Dear @Intune_Support_Team do you know if there is a plan to get something like "Policy Analyzer" but with Graph API support for comparing intune / Microsoft endpoint manager policies? Thank you!

Hi @Sergg, have you seen our GraphAPI docs for the deviceConfiguration resource type? We also have several Intune Device Configuration Policy script samples to retrieve, create, delete or update data within your Intune tenant. Hope this helps!

Copper Contributor

does it analyse now the " GP preferences"?  sometimes settings are configured using GPpreferences instead of GPPolicies

i cannot find release notes information and the instruction PDF inside the .ZIP still dates back 2016.

i think it is a great tool to compare and cleanup GPOs, but without including the GP preferences, it is half a tool, like a hammer without a handle.

Copper Contributor

@sbonnat time being it does not include policy preferences, nor other settings e.g. wifi or applocker, I agree including the full spectrum you can push via policy it would be a complete tool, but still it's very useful on scenarios where you have dozens of policies with settings that overlap or not organized very well and find rapidly where that particular one is located.

Copper Contributor

@Intune_Support_Team @Aaron Margosis 

When we use Policy Analyser is it possible to use result to modify and correct GPO ?

Copper Contributor

@LeaIT  It's a read and compare tool, you can't edit or write new policies within the tool, you have to adapt the GP from gpedit or any other tool made for editing them.

 

 

Copper Contributor

How we will get the Policy name for which the conflict has occurred. It would be very tedious task for those who have large number of group policy in place.  

Iron Contributor

@Amitsinghrajput - one way is to import all your policies at once into a single policy set, then view that one set, and View | Show only Conflicts.

Copper Contributor

Is there a getting started guide or video for the Policy Analyzer?
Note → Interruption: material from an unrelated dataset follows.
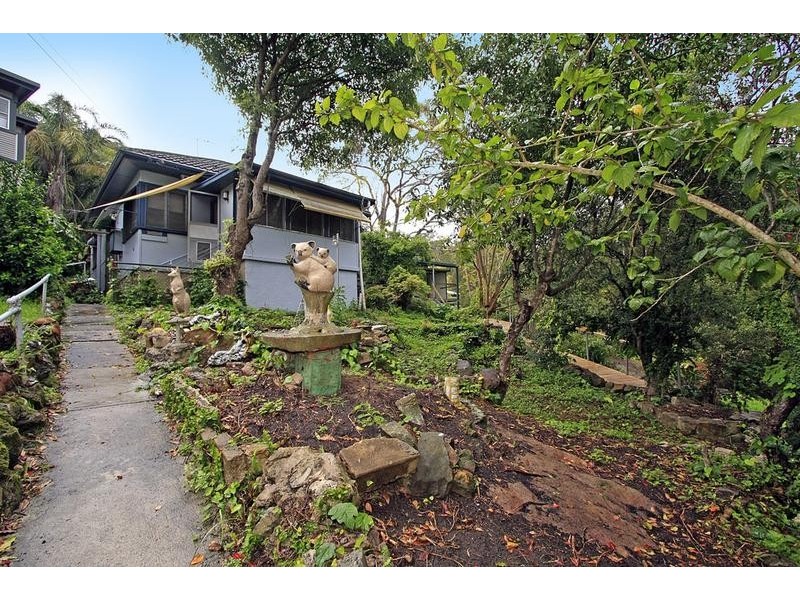9 Riverview Road- Access to house is via Genoa Street Como, Oyster Bay NSW 2225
I have just downloaded the Security Compliance toolkit and Window 10 21H1 Security Baseline. Simply want to compare the baseline with our deployed policies. "Policy Analyzer.pdf" is a technical reference but not instructional.

Copper Contributor

@Steve_Pogue  I'm having similar challenge as well. Microsoft should create simple guide. 

Copper Contributor

Hi. Aaron.

@Aaron Margosis 

Thank you for putting so much effort in this tool.
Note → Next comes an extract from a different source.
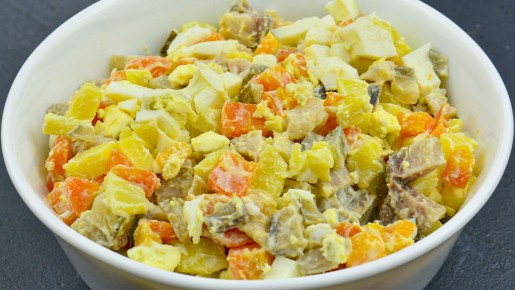 Необычный салат с селедкой: яркий альтернативный подход к классике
Unfortunately it is only an interactive tool and cannot simply be used for automation. It does not have an interface that can be used to automatically create the .policyrule files or to compare them. Of course, ones the .policyrule files are created you can write a script to do so. But the GUI does include all those features but cannot be used in a command line.

It would be so cool if that could be implemented. Or make it open source so the community can use the algorithms to read the various setting details as the GUI does.

Thank you for considering to open source the tool or to implement a command line version or an API.

 

Copper Contributor

Hello @Aaron Margosis 

I am trying to run policy analyzer v4.0.2004.13001 and click on add to import GPOs'. Now it ask me to import it to a policy file. After that nothing happens. Please provide step-by-step instructions on how to use this new tool. Even the GUI shown in the screenshot differs from the original. Please help.

Iron Contributor

@Soumya1575 - this page is an old article about the original release. This page is more up to date. The Policy Analyzer download includes a PDF that should explain usage comprehensively.

Copper Contributor

Very interesting Tool.

 

How can we export all the tables if Excel is not installed ?

 

Thanks you very much

Iron Contributor

@jasmin leroux - best workaround is to copy the .PolicyRules file to a system that has Excel and the necessary ADMX/ADML files.

Copper Contributor

Thank you very much Aaron,
Again great tool.

 

Have a nice day,

jasmin

Copper Contributor

I wonder what means:

 

[[[create key]]] and [[[delete]]]

 

 

 

TweedleMB_0-1680266138438.png

 

Iron Contributor

[[[create key]]] indicates that there's a command in the registry.pol to create the named key but not to create any values in it.

[[[delete]]] indicates that there's a command in the registry.pol to delete the specified value.